Complex Continues To Move Sideways

Energy futures are slipping for a 3rd straight day, but are not threatening Friday’s low trades, as the complex continues to move sideways, languishing through the winter doldrums stuck in technical-trading purgatory.

The API was said to show inventory builds across the board last week, albeit relatively minor in size. Crude oil stocks were reported to increase about 2.5 million barrels, gasoline inventories were up 1.7 million, while diesel stocks increased by around 140,000 barrels.

The EIA’s version of weekly stats is due out at its regular time. Last week’s big number was the large drop in refinery run rates. With numerous unplanned outages reported since that time, there could be another large decline today. In addition to the weather-related events of the past week, there are reports the multiple refineries in the midcontinent may be moving up their maintenance schedules previously planned for later in 2019, betting that it’s better to shut units now when margins are soft, than later in the year when many expect a prices could surge as the 2020 IMO deadline approaches.

There are still more questions than answers on how the chaos in Venezuela will play out.

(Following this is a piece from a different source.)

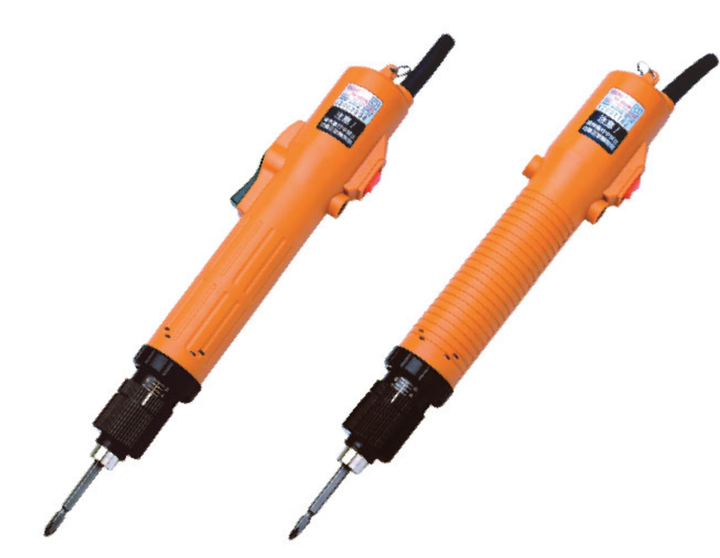 KILEWS SCREWDRIVER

The story of the past 24 hours has been the count of oil tankers idling off the coast, stranded by the uncertainty.

Several reports are claiming that OPEC is attempting to formalize its cooperation with Russia and the other oil producing countries that have come to terms on production cuts to prop up prices over the past 2 years. At this point, it appears that the Russians aren’t cooperating. Shocking.

The CFTC issued the 2nd “catch up” commitments of traders report Tuesday, showing that money managers (aka hedge funds, aka large speculators) were still cautious about betting on oil and refined products in the last week of 2018. Considering the meltdown they’d just lived through on Christmas eve, it’s hard to blame them. Then again, based on the price rally, and 4 straight weeks of new speculative length additions in Brent that we’ve seen, it seems like a foregone conclusion that the adrenaline junkies who are “managing” money have increased their bets in 2019.

One other item to watch in the COT reports: Swap positions (a proxy for producer hedging in WTI) reached a 15 month low at year-end. There have been concerns that hedge funds leaving the oil market may make forward hedging more challenging for producers, and that’s one place we should be able to figure out whether or not that’s true.